Taroudant is two cities: the new city beyond the wall, and the old city within. The tall, hole-studded rampart winds around the old quarter like a stone serpent. This was my first Moroccan city.
Squeezing through the dark, crowded souk, past blind beggars and donkey-drawn carts overloaded with mint, the merchandise shifted from mounds of Pampers to embroidered leather shoes and unidentifiable animal hides hanging from the reed ceiling. A boy on a bike navigated through the crowd balancing a silver tray of fresh mint tea in his hand.
Take one turn down a narrow alley, stepping out of the way of a motorbike rumbling past, to find yourself in a silent aisle, a TV flashing on the floor of a rug shop, a tailor at his sewing machine in the shadows. These deserted pockets were all over the Taroudant souk, especially this time of day, with the temperature rising into the hundreds.
As I stood waiting outside the car to depart from the city, I saw a big, dust-colored mule standing aimlessly against the rampart wall. My Moroccan friend Houcine noticed me looking at it.
"You know this- un mulet? It is when a donkey and a horse get married."
I grinned and Houcine laughed his big, hearty laugh. He continued.
"People say when the female mule give birth, it means the end of world."
We drove about half an hour through the wastes outside of the city, passing goats in argan trees and young shepherds in Adidas jackets herding their flocks across the road. Down a long, dusty road through a seemingly deserted village was a sign for our destination- the Palais Claudio Bravo.
In the home of the late Chilean painter Claudio Bravo, I had a feeling of persistent nausea. The house was full of riches. A collection of crystal vases from ancient Fez, tattered Berber rugs maybe centuries old, fields of lavender and sky-high agave blooms did nothing to assuage my intense anxiety.
We came to Claudio's studio, books of photography and paintings scattered over his preserved desk, his easel still standing in the soft window light. One of his albums was playing. I sat down on a lush red sofa beneath one of his abstract paintings. Our guide, Mohammad, was an older gentlemen in a pristine white kaftan and black-framed glasses. He confided something in Berber to Houcine.
Houcine translated that I was sitting in the exact spot where Claudio had died.

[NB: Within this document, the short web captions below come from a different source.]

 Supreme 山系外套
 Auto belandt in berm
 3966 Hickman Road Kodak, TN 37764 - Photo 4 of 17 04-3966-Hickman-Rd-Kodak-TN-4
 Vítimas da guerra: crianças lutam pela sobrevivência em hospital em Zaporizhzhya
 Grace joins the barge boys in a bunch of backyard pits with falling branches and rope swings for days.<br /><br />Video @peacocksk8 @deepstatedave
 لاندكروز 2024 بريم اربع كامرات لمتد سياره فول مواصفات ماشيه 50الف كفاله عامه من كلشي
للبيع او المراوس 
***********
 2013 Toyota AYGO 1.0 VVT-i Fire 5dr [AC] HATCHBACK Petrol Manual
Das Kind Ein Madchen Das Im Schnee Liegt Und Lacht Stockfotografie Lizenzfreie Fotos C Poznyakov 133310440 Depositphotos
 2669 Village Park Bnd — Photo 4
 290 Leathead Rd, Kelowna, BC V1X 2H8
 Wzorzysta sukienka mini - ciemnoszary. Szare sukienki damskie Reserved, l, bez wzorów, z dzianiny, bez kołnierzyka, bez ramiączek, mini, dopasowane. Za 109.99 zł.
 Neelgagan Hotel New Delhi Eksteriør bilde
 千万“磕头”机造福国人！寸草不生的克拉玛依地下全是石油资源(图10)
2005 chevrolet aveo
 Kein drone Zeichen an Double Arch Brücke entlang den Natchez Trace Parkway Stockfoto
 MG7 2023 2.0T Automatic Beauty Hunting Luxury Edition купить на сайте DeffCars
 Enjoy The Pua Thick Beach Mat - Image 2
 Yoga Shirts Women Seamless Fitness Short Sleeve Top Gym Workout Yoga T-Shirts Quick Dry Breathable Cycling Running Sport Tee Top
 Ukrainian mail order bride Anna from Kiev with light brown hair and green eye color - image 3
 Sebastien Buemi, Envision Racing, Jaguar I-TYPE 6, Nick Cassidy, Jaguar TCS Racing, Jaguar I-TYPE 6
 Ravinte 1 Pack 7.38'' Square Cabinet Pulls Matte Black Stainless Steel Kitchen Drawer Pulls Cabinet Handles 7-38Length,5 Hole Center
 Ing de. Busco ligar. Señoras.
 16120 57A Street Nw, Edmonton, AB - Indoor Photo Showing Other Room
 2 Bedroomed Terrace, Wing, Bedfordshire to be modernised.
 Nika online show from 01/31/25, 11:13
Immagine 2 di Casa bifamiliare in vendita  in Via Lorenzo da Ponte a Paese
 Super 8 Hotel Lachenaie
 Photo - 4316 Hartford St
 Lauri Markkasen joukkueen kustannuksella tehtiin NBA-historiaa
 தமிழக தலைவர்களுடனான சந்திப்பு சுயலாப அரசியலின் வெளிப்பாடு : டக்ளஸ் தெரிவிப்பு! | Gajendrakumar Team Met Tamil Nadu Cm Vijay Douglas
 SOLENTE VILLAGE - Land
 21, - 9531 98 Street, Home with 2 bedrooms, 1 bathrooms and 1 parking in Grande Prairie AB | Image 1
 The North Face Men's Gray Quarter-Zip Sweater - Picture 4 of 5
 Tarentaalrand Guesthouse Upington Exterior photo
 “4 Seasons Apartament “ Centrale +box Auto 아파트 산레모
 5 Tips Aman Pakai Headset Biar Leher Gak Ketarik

I jumped up immediately. At Claudio's desk, I busied myself looking at his old things. Small stones, cartons of Marlboros, photos; remnants of an artist's life. We were shown into his bedroom. A stack of French novels remained on his octagonal bedside table, with Don Quijote de la Mancha II on top. A little red bench sat in front of the fireplace. His evening robes hung by the arabesque bathroom door.
Our last stop was Claudio's tomb. In an acid green room beneath a domed ceiling, Claudio slept surrounded by his favorite pieces of Moroccan pottery. The squeak of our shoes echoed loudly throughout the tomb. Houcine, trying out his voice, began to sing "What A Wonderful World." The rest of the group joined him in a surreal chorus, and the song reverberated above Claudio's grave. I could only wonder what he would have thought of the color of his final resting place.
As evening fell in Taroudant, merchants hawked fish the length of my arm and men strolled hand in hand down the narrow sidewalks. My friend Habib came back to the car with a stack of over a hundred eggs for his mother and sisters. We picked up Habib's father from his apartment in the city. He loaded huge sacks of potatoes, carrots, squash and mint into the back of our tiny car to take back to the village, where they lived in the summer.
In the silence of the neighborhood, distant figures stood beneath streetlights at the end of the corridor. A boy on a bicycle zipped past, and someone called out from a window. This was the gentleness of the Grandmother of Marrakech, tucked away in quiet pockets of ancient neighborhoods, hidden behind the ancient rampart walls.